El que engaña experimenta un malestar agudo, no sólo porque se siente un extraño junto al ser que ama, sino porque también se siente separado de sí mismo. Habiendo mentido una vez, ya no podrá hablar con sinceridad. Se ve obligado a pesar cada pensamiento antes de expresarlo, por temor a que lo traicione una falla de la memoria. De ello resulta un malestar creciente, ya que la ansiedad se apodera de nosotros cuando mentimos, y nada de cuanto hagamos la mitigará. Sin embargo, el hecho mismo de que sintamos dolor al mentir debe confortarnos en cierta medida. Es señal de que nuestras emociones están vivas. Lo que duele es lo que nos importa. La persona a la que no le importa mucho nada ni nadie, puede caer en el error de tratar de amoldar su idea del amor a sus propósitos, y dirá, tanto a su esposa como a su amante, que las ama; creerá esta persona que esto es cierto, pero así la mentira será peor, pues gravitará en el inconsciente y, por tanto, no sentirá dolor alguno. Este sería el caso extremo de engaño de sí mismo. En vez de resolver el conflicto, lo ahonda, pues la persona vive la mentira y el engaño; es una persona enferma, y no siente la fiebre que la consume.

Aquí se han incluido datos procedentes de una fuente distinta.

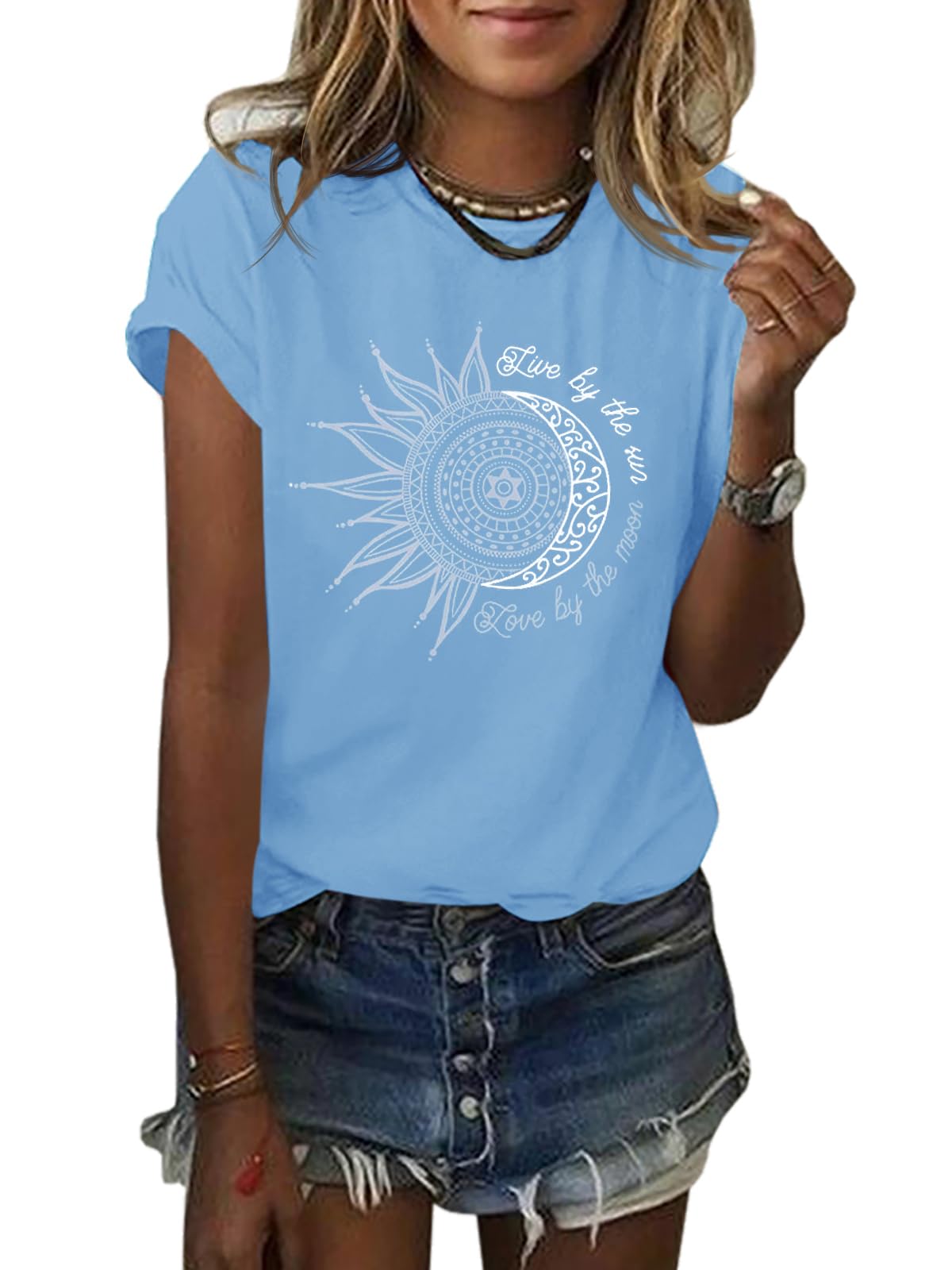 Cicy Bell Tshirt Damen Rundhals Oberteile Sommer Kurzarm Tops Vintage Basic Shirts Bluse.Blau L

La única forma sensata de librarse de ese conflicto interior es resolverlo dentro de uno mismo. Para recobrar la integridad emotiva, el infiel debe comenzar por reconocer que se está engañando, y tratar de comprender lo que esto significa. Debe desechar el falso argumento de que su infidelidad protege a su esposa y a su matrimonio. No hay tal; sólo le protege del desagrado que la verdad le obligaría a afrontar.

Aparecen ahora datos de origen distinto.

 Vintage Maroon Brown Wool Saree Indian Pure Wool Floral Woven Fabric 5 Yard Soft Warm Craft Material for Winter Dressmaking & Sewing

Si el infiel quiere seguir teniendo relaciones ilícitas, a pesar de todas las mentiras y de la situación falsa que acarrean, tal decisión, por lo menos, tendrá que basarse en una honrada confrontación consigo mismo. En la vida, a veces nos vemos en la necesidad de transigir. Lo importante es que reconozcamos exactamente ese transigir como lo que es: hacer una segunda elección.

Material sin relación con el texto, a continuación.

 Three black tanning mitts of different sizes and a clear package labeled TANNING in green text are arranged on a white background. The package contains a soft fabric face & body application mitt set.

Pero el verdadero fin perseguido requiere algo más que sinceridad; exige también fidelidad hacia uno mismo. Y el hombre que así procede no puede ser feliz a menos que los lazos gemelos del amor espiritual y del sexual se entretejan armoniosamente en su vida. El hombre íntegro trata de ser fiel a la mujer que ama. Su fidelidad está basada en el amor, no en el temor; en la elección, no en el azar; y en la satisfacción del deseo, no en un sentimiento muerto.